Homenagem a memória do Maestro Sílvio Barbato, que estava no voo 447 da Air France, no dia 31 de maio de 2009.

Autor
Cristovam Buarque (PDT - Partido Democrático Trabalhista/DF)
Nome completo: Cristovam Ricardo Cavalcanti Buarque
Casa
Senado Federal
Tipo
Discurso
Resumo por assunto
HOMENAGEM. POLITICA CULTURAL.:
  • Homenagem a memória do Maestro Sílvio Barbato, que estava no voo 447 da Air France, no dia 31 de maio de 2009.
Publicação
Publicação no DSF de 10/07/2009 - Página 31159
Assunto
Outros > HOMENAGEM. POLITICA CULTURAL.
Indexação
  • HOMENAGEM POSTUMA, REGENTE, COMPOSITOR, VITIMA, ACIDENTE AERONAUTICO, ELOGIO, CONTRIBUIÇÃO, MUSICA ERUDITA, BRASIL, ESPECIFICAÇÃO, TRABALHO, EDUCAÇÃO, AUDIENCIA.
  • COBRANÇA, MELHORIA, POLITICA CULTURAL, INCENTIVO, MUSICO, MUSICA ERUDITA, COMBATE, EMIGRAÇÃO, SUGESTÃO, CRIAÇÃO, PROGRAMA, MINISTERIO DA CULTURA (MINC), PROMOÇÃO, SETOR, AMBITO, LEGISLAÇÃO, CULTURA, DENOMINAÇÃO, HOMENAGEM, REGENTE.
  • SUGESTÃO, SERVIÇO SOCIAL DO COMERCIO (SESC), DESTINAÇÃO, RECURSOS, PROMOÇÃO, MUSICA ERUDITA, BRASIL, EXTENSÃO, HOMENAGEM, REGENTE.

            O SR. CRISTOVAM BUARQUE (PDT - DF. Pronuncia o seguinte discurso. Sem revisão do orador.) - Sr. Senador Marconi Perillo, Vice-Presidente deste Senado e que preside esta sessão; meu caro Senador Adelmir Santana, a quem cumprimento pela iniciativa desta homenagem; Exmo Sr. Dom Lorenzo Baldisseri, Núncio Apostólico em Brasília; Srª Silviane Barbato; demais familiares; Diretor Regional do Sesc/DF, José Roberto Macedo; Sr. Mathias Barbato Bloch, que é sobrinho do Maestro Silvio Barbato; Bruno Barbato Bloch, também sobrinho do Maestro; Sr. Gerente das Unidades Operacionais; minhas senhoras, meus senhores, meus caros amigos e amigas que aqui estão, a saída do Maestro Barbato da nossa convivência, usando o tratamento dado pelo Senador Geraldo Mesquita, a saída do Silvio Barbato de nossa convivência é uma metáfora. Ele morreu, saiu de nossa convivência, como centenas de outros músicos regentes fazem, indo para o exterior, pela impossibilidade de sobreviverem aqui.

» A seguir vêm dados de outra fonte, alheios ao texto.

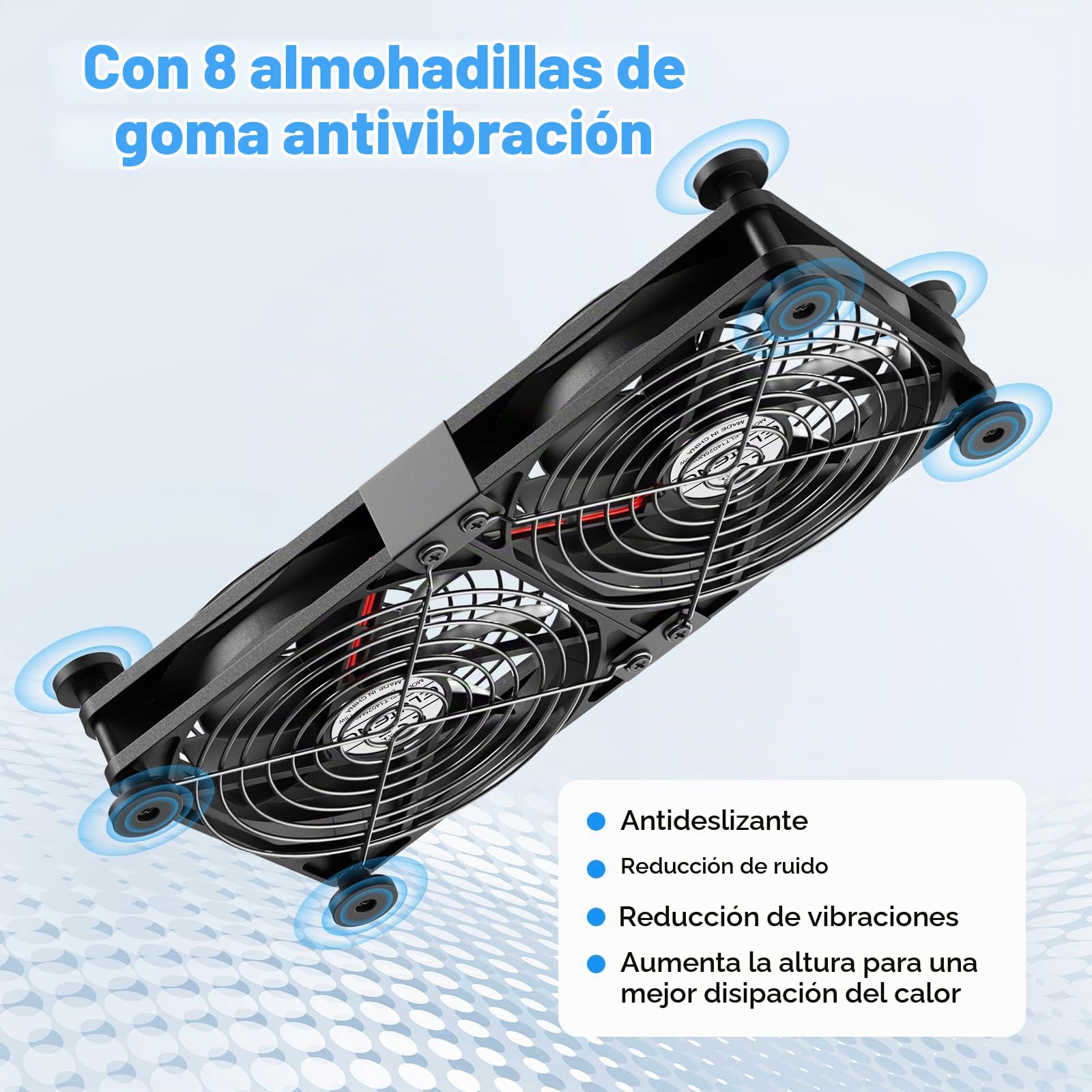 ELUTENG Ventilador USB 2 en 1 de 120 mm, 5 V, ventilador USB doble con 3 velocidades, ventilador de PC de 12 cm con 8 pies amortiguadores y regulador de temperatura digital para PS5, PS4, portátil, TV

            O Silvio ia e voltava. O destino fez com que ele não voltasse. Centenas de outros vão. O destino permite que voltem, mas eles têm que ficar lá por falta de apoio do Brasil à música erudita. O Silvio, pelo talento, pela persistência, pelo patriotismo e por outras circunstâncias, conseguiu ter um pé lá e um pé cá. O destino não deixou que ele voltasse, não deixou que a sua convivência continuasse. Ele foi tragado pelas águas frias do Atlântico, enquanto os outros são enviados, expulsos até e tragados pelas ofertas que recebem no exterior.

            Por isso, Presidente, Senador Adelmir, eu acho que a homenagem a um regente, sobretudo na qualidade do Silvio Barbato, não devia ter fala, devia ter apenas música. Para que falar, quando a gente pode ouvir os anjos, que falam através dos instrumentos, graças à tradução simultânea que faz o maestro, o regente? Mesmo assim, Senador Adelmir, mesmo achando que a homenagem devia ser melhor com música do que com falas de políticos, eu me sinto bem estando aqui para usar esta metáfora da falta de convivência que nós temos com o Silvio, a partir de agora, na posição de um político, para cobrar de todos nós que dirigimos este País uma política para incentivar a promoção e a manutenção no Brasil de todos aqueles que praticam a música erudita. Tenho conversado com músicos jovens que me dizem da dificuldade de continuarem aqui, diante da falta de apoio e dos atrativos, Srª Embaixadora - que eu não falei antes - que recebem do exterior. Não faz sentido isso.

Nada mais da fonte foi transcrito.